Comment décririez-vous les cinémas africains de manière un peu générale et résumée ?

Jean-Pierre Bekolo : Trop scolaire... Voulant trop se faire comprendre... Pas assez libres pour réinventer le cinéma...

Concernant la réception des oeuvres africaines, la reconnaissance vient souvent du "Nord", peut-on penser. Le voyez-vous aussi ainsi ?

Jean-Pierre Bekolo : C'est une vieille histoire, pour réussir en Afrique il faut souvent être coopté par Paris, peu importe le domaine. C'est Macron qui choisit qui va faire le rapport de la restitution des oeuvres africaines et les Africains célèbrent. C'est le festival de Cannes qui décide quel cinéaste africain est intéressant...

Les fausses indépendances ont produit deux types d'Africains ceux que le blanc aime et ceux que les Africains aiment. Fela et Sankara ont tout fait pour l'Afrique et non pour se faire aimer par l'Occident.

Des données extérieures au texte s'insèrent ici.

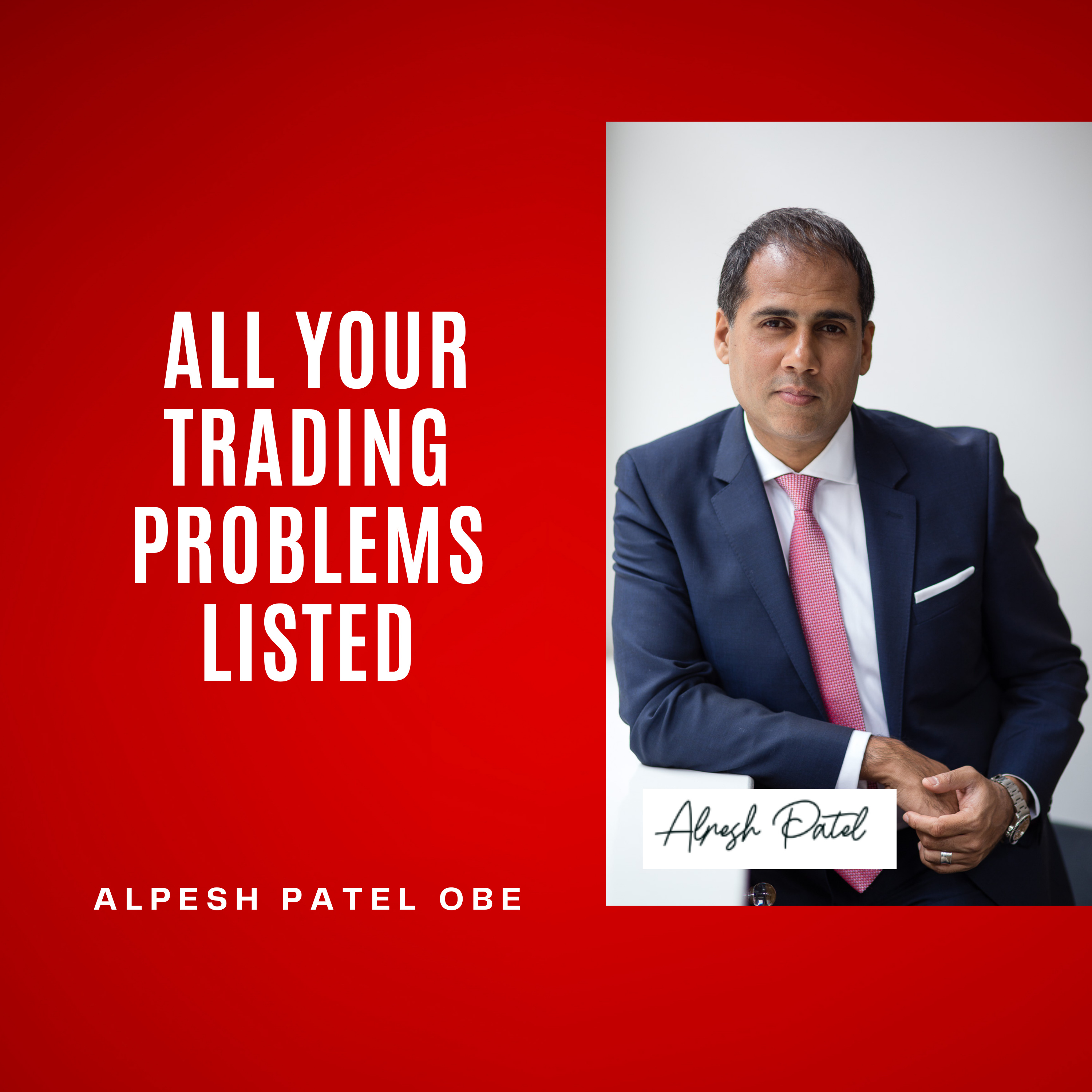 All Your Trading Problems Listed episode artwork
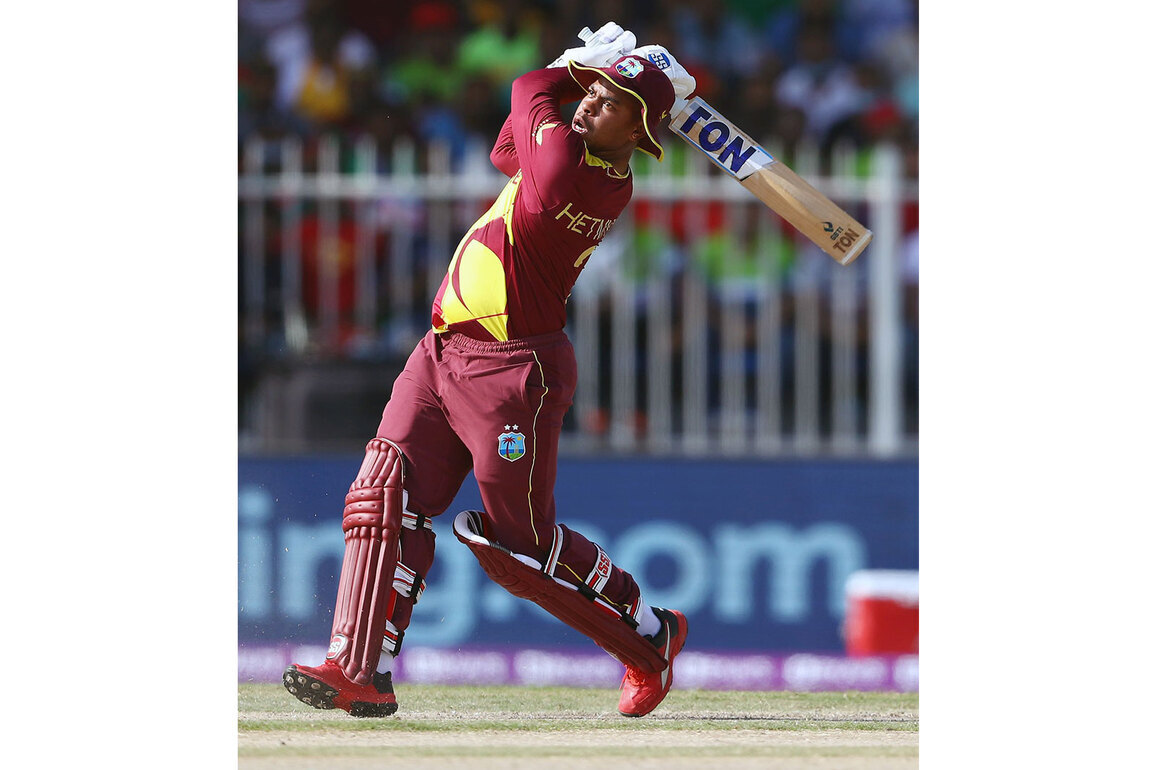 T20 WC: Hetmyer, King surpasses Gayle as WI post 182/5 in campaign opener against Scotland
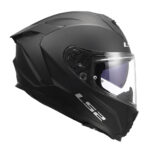 Kaciga LS2 Full Face FF817 CHALLENGER II mat crna 3XL - Slika 6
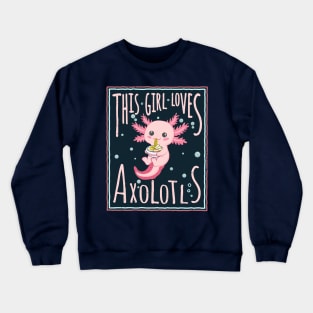 axolotl questions Crewneck Sweatshirt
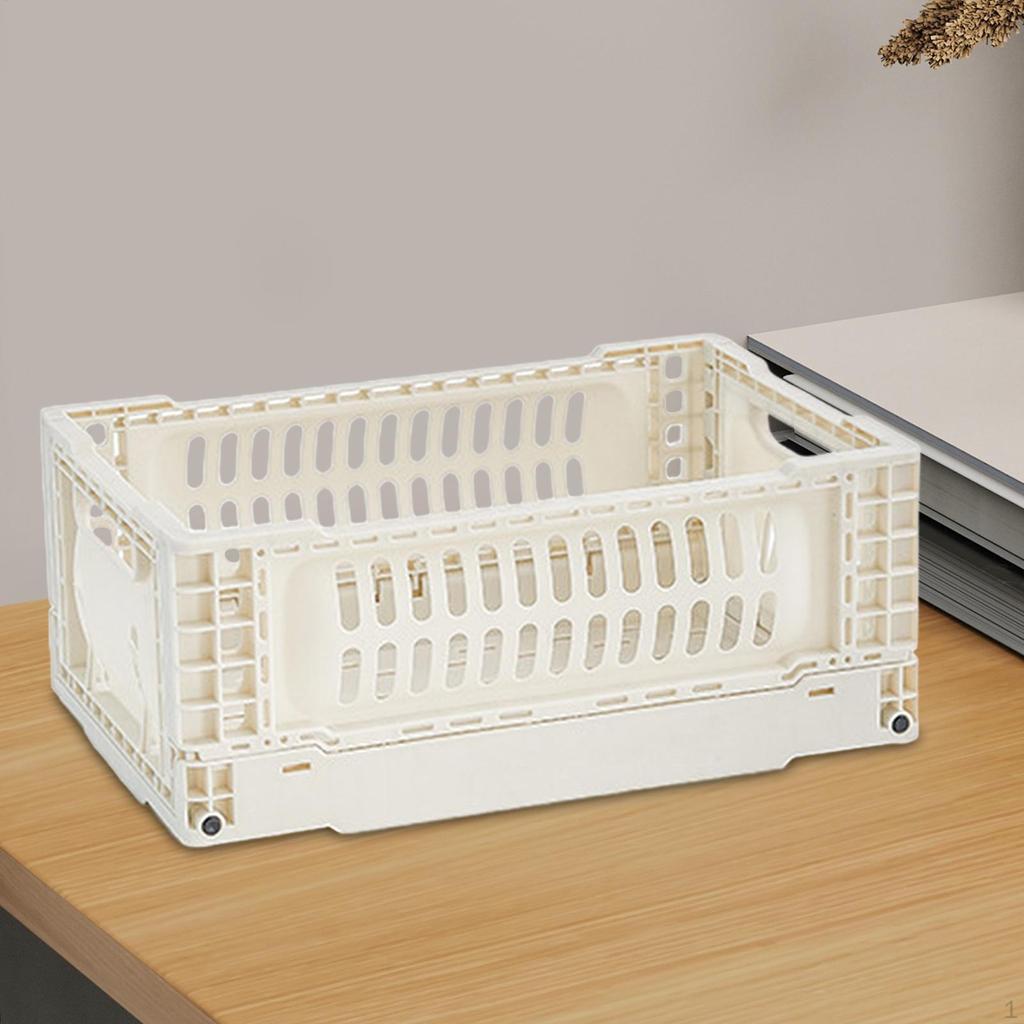 Úložný koš Kompaktní 5L odolný proti poškrábání stabilní černý prostorný organizér kufřík Nákladní stojan pro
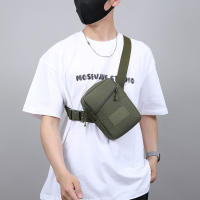 Bolsa táctica de pesca para el pecho, Mini teléfono móvil para hombre, viajes al aire libre, compras, paquete de almacenamiento grande, bolsos de hombro tipo bandolera - details 8
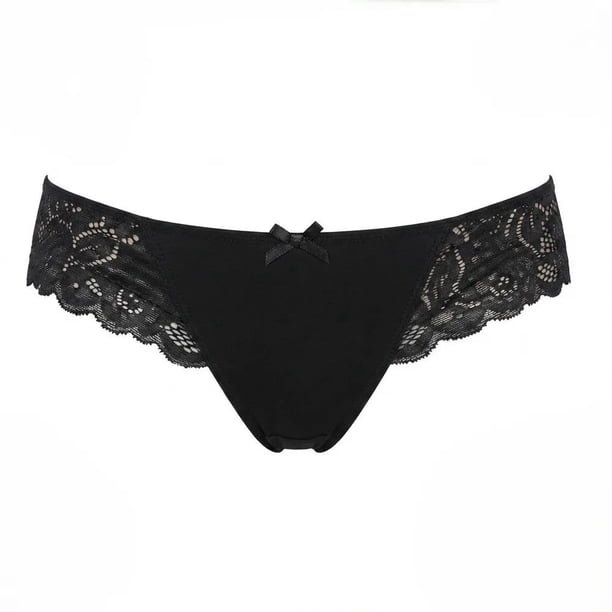 Culotte Mujer Lady Genny C-215 Algodón Encaje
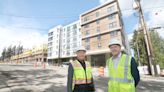 Developers build apartments at the speed of light rail, but plans could go off-track - Puget Sound Business Journal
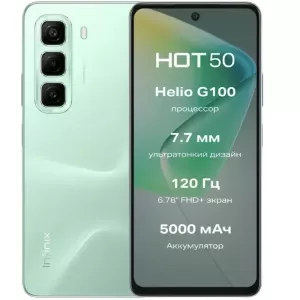 Смартфон Infinix Hot 50 8/256Gb Sage Green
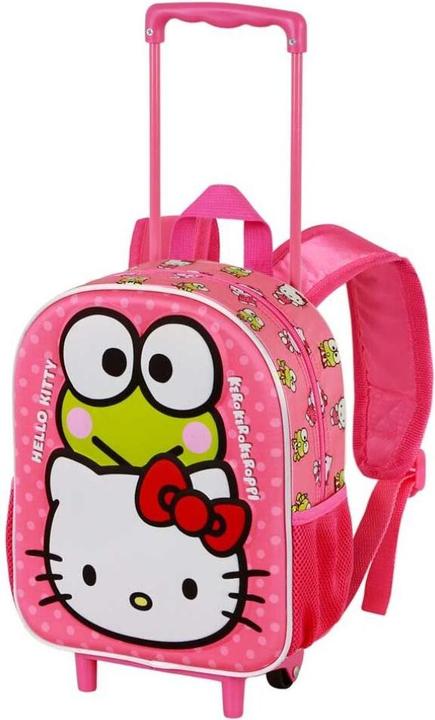 Produktbild Karactermania Small 3D Backpack with Wheels Funny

La question que je me pose toujours est celle de savoir quel type d'Africain je suis.

ZOOM

Jean-Pierre Bekolo, un cinéaste précieux

A travers son oeuvre, Bekolo a fait preuve d'une constante capacité de renouvellement.

Après "Quartier Mozart", chronique fantastique en 1992, il a proposé, quatre ans plus tard, "Le Complot d'Aristote", film très malicieux sur le cinéma africain.


Dans sa filmographie, on trouve également de la science-fiction - "Les Saignantes" -, un brûlot politique - "Le Président" -, ou encore un documentaire sur le penseur Valentin Mudimbe - "Les Choses et les Mots de Mudimbe".